These roofs are beautiful, attract wildlife and tend to have a lifespan about two to three times as long as a conventional roof. Europe and particularly Germany have embraced the idea of a green roof since the 1980s. In Germany, vegetated roofs cover 13.5 million square metres, which equates to 14 per cent of all flat roofs. Government policies dating back 20 years paved the way for green roofs to take root. In North America, the concept is becoming more popular as municipalities look for ways to help home and business owners save energy and leave a smaller carbon footprint. The City of Toronto estimates that if 50 million square metres of available roof space were landscaped, the savings would equate to $313.1 million for storm-water management, heating and cooling of buildings, along with $37.1 million in annual cost savings.

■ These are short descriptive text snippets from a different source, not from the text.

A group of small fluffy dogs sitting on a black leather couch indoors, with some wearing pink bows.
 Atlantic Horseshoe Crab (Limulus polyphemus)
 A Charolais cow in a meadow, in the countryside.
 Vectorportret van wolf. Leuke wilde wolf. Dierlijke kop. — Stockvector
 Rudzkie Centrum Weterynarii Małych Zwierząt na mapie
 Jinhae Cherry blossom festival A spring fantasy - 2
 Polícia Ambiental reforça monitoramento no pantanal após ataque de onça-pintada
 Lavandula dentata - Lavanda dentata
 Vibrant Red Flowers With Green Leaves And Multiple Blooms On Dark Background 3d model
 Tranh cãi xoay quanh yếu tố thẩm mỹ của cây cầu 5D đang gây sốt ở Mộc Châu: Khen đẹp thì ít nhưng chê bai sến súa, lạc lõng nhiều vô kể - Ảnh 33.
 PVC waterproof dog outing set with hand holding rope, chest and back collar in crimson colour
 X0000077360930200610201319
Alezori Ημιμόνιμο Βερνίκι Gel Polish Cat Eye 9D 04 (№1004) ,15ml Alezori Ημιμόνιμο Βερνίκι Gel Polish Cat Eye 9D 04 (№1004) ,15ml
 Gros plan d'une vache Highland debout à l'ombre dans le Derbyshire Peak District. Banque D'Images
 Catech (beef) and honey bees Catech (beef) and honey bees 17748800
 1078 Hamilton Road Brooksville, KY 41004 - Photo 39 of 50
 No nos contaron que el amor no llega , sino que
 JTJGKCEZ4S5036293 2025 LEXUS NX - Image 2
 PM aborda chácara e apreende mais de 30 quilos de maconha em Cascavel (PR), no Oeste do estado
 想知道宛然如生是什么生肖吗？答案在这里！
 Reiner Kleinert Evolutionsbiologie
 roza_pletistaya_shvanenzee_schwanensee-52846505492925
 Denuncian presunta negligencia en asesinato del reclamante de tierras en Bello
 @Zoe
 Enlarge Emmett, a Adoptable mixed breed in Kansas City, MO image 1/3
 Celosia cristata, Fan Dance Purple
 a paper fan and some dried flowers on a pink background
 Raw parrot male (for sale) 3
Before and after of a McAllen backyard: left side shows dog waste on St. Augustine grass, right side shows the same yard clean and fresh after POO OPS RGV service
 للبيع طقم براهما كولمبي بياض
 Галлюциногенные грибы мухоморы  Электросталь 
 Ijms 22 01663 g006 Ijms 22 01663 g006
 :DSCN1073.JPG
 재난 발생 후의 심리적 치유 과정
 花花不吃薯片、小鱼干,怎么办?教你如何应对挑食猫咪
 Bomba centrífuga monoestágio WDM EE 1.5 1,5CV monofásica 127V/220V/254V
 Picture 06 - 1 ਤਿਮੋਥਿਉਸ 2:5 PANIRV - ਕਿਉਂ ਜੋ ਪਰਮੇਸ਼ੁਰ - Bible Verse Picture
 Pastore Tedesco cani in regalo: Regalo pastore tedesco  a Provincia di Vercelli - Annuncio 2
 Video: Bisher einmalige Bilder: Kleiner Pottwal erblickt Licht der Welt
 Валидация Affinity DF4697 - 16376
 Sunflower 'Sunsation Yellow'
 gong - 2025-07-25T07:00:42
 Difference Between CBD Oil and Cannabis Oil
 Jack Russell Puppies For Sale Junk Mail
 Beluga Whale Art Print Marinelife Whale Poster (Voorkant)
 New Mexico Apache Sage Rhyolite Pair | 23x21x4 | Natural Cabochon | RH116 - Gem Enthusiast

Further study results can be found at www.toronto.ca/greenroofs/findings.htm .

Toronto city council is also recommending the installation of green roofs on existing and new city-owned buildings. There was an incentive program in 2007 that provided a grant of $50 per square metre for home and building owners. Green roofs typically cost between $75 and $90 per square metre to install above and beyond the cost of a traditional roof (per the City of Toronto research study) and it’s estimated there are just over 100 green roofs in the city of Toronto. “The B.C. and Ontario provincial governments have led the way in encouraging and supporting green roof development,” confirms Barker. York University has created a 30,000-square-foot green on top of their Computer Sciences Building. The green roof was built in 2003 and has been monitored by the Toronto Region and Conservation Authority to gauge how much storm water is created and retained and to look at the quality of that water. 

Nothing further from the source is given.